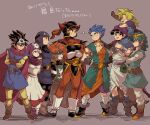  1girl 6+boys arm_up armlet armor belt belt_buckle black_eyes black_hair blonde_hair blue_cape blue_eyes blue_hair blue_tunic boots bracelet brown_footwear brown_gloves brown_hair buckle cape carrying circlet closed_mouth collarbone commentary_request crossed_arms curly_hair dragon_quest dragon_quest_i dragon_quest_ii dragon_quest_iii dragon_quest_iv dragon_quest_v dragon_quest_vi dress earrings fake_horns father_and_son full_body gloves goggles goggles_on_head goggles_on_headwear green_hair green_tunic grin headpiece helmet hero&#039;s_son_(dq5) hero_(dq1) hero_(dq3) hero_(dq4) hero_(dq5) hero_(dq6) highres hood horned_helmet horns jewelry long_hair long_sleeves low_ponytail male_child multiple_boys neck neck_ring orange_hair orange_pants orange_shirt pants pectorals piyoko_saito prince_of_lorasia prince_of_samantoria princess_of_moonbrook purple_cape purple_headwear red_eyes robe shirt short_hair shoulder_armor shoulder_carry simple_background smile spiked_hair standing torn_clothes translation_request turban white_gloves white_pants white_shirt yellow_pants yellow_shirt 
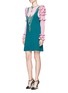 Figure View - Click To Enlarge - GUCCI - Necklace embellished ruffle trim colourblock dress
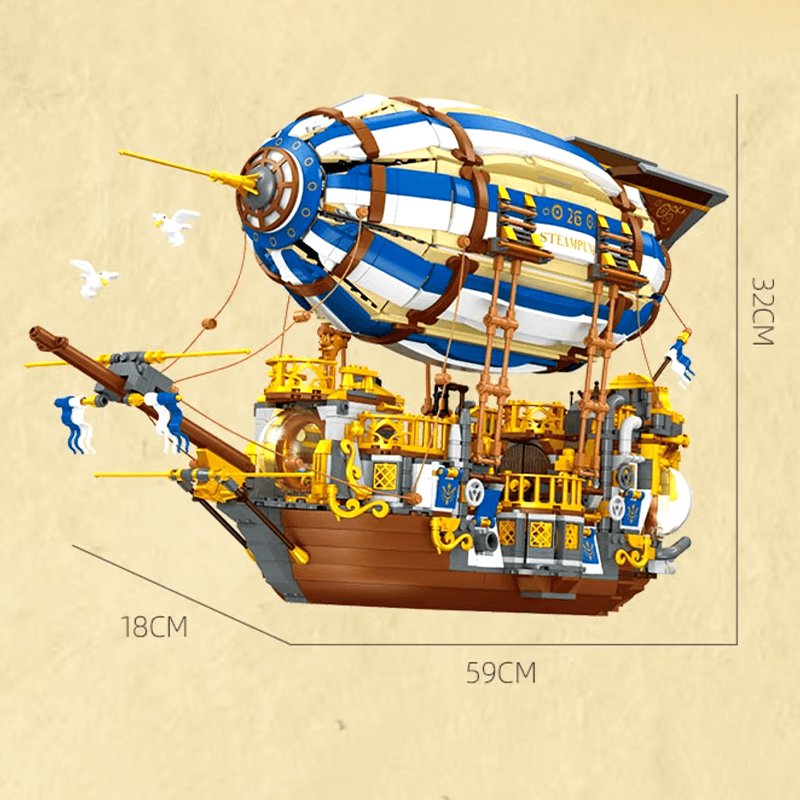 SteamPunk Airship - Building Set | Power Brickz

ASSIGNED TASK: What you return should be the whole listing, word for word, without its pictures.

ANSWER SECTION:
  1girl 6+boys arm_up armlet armor belt belt_buckle black_eyes black_hair blonde_hair blue_cape blue_eyes blue_hair blue_tunic boots bracelet brown_footwear brown_gloves brown_hair buckle cape carrying circlet closed_mouth collarbone commentary_request crossed_arms curly_hair dragon_quest dragon_quest_i dragon_quest_ii dragon_quest_iii dragon_quest_iv dragon_quest_v dragon_quest_vi dress earrings fake_horns father_and_son full_body gloves goggles goggles_on_head goggles_on_headwear green_hair green_tunic grin headpiece helmet hero&#039;s_son_(dq5) hero_(dq1) hero_(dq3) hero_(dq4) hero_(dq5) hero_(dq6) highres hood horned_helmet horns jewelry long_hair long_sleeves low_ponytail male_child multiple_boys neck neck_ring orange_hair orange_pants orange_shirt pants pectorals piyoko_saito prince_of_lorasia prince_of_samantoria princess_of_moonbrook purple_cape purple_headwear red_eyes robe shirt short_hair shoulder_armor shoulder_carry simple_background smile spiked_hair standing torn_clothes translation_request turban white_gloves white_pants white_shirt yellow_pants yellow_shirt 
 Figure View - Click To Enlarge - GUCCI - Necklace embellished ruffle trim colourblock dress
 SteamPunk Airship - Building Set | Power Brickz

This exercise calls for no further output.